*** RAW DATA ***

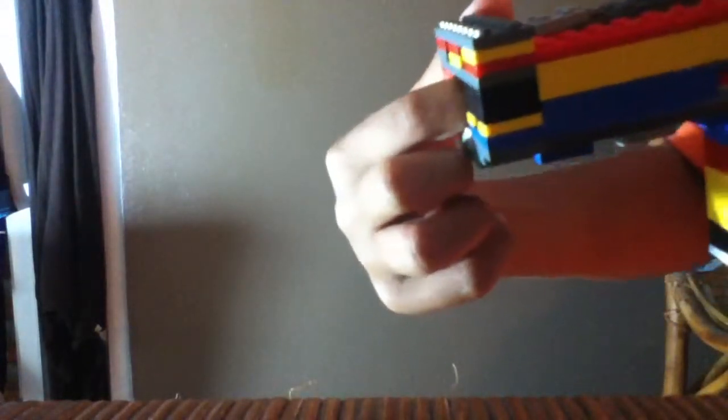Now let me demonstrate how it shoots. I just put this in here and clip it right here.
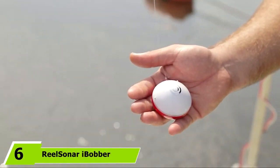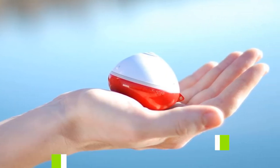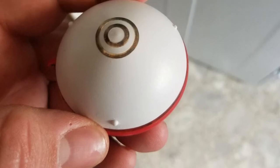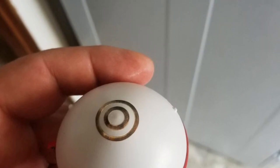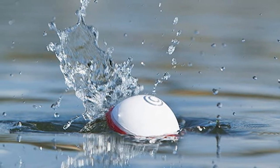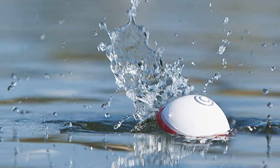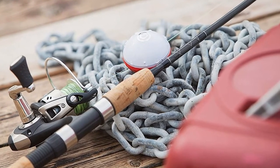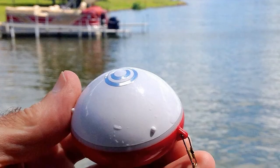At number 6, we have the ReelSonar iBobber Bluetooth Smart Fish Finder. This might just be the smallest castable portable wireless fish finder currently available. Suitable for use with iOS and Android devices, the convenient iBobber comes with its own USB charger and a carrying pouch. The iBobber wireless Bluetooth Smart Fish Finder is stacked with features — it's a mobile fish finder and comprehensive app combined, designed with portability and flexibility in mind so that anglers of all levels can appreciate its functionality.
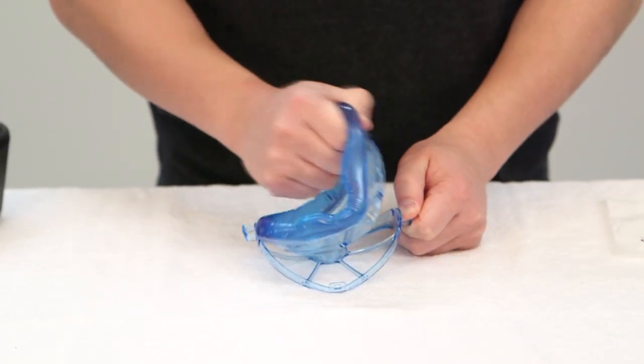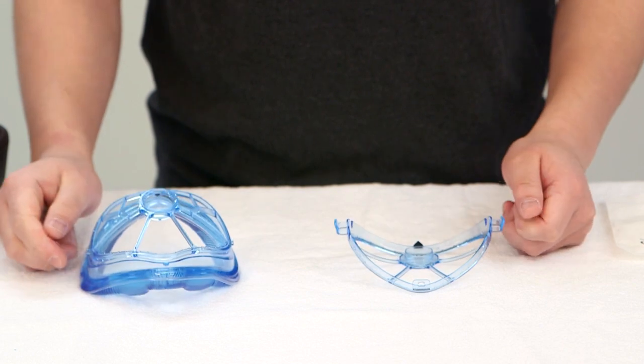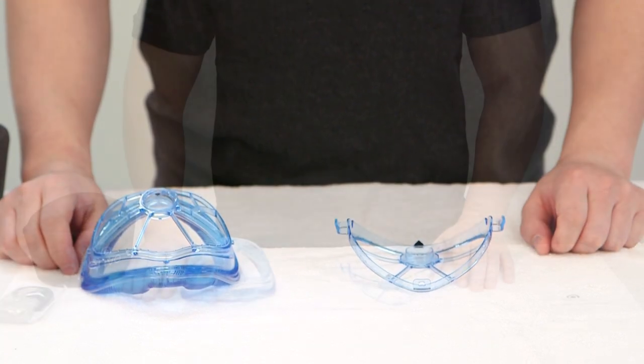When pulling on the tab, it is important that the direction is away from the center and not in an upward direction.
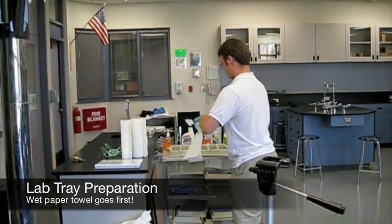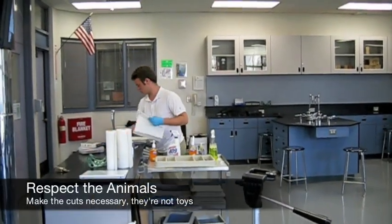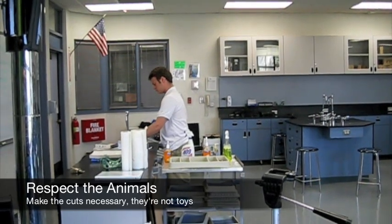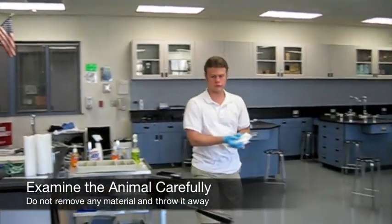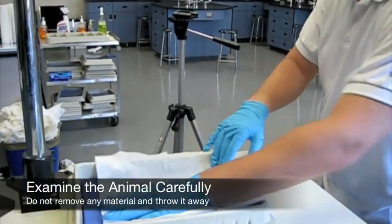To get your lab tray ready, place a thick layer of wet paper towel down. One thing to keep in mind whenever you are working with these animals — these are educational specimens, not toys. Make the cuts that are necessary to examine the animal, but respect the fact that this was once a living organism. Don't make unnecessary cuts, and don't remove anything from the animal and throw it away. Whatever you remove, you will eventually put back.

*** End of RAW DATA ***

■ WHAT THE TASK REQUIRES ■
Go through the listing above and retype it exactly, skipping every picture.

■ SOLUTION FOR THIS EXERCISE ■
Now let me demonstrate how it shoots. I just put this in here and clip it right here.
At number 6, we have the ReelSonar iBobber Bluetooth Smart Fish Finder. This might just be the smallest castable portable wireless fish finder currently available. Suitable for use with iOS and Android devices, the convenient iBobber comes with its own USB charger and a carrying pouch. The iBobber wireless Bluetooth Smart Fish Finder is stacked with features — it's a mobile fish finder and comprehensive app combined, designed with portability and flexibility in mind so that anglers of all levels can appreciate its functionality.
When pulling on the tab, it is important that the direction is away from the center and not in an upward direction.
To get your lab tray ready, place a thick layer of wet paper towel down. One thing to keep in mind whenever you are working with these animals — these are educational specimens, not toys. Make the cuts that are necessary to examine the animal, but respect the fact that this was once a living organism. Don't make unnecessary cuts, and don't remove anything from the animal and throw it away. Whatever you remove, you will eventually put back.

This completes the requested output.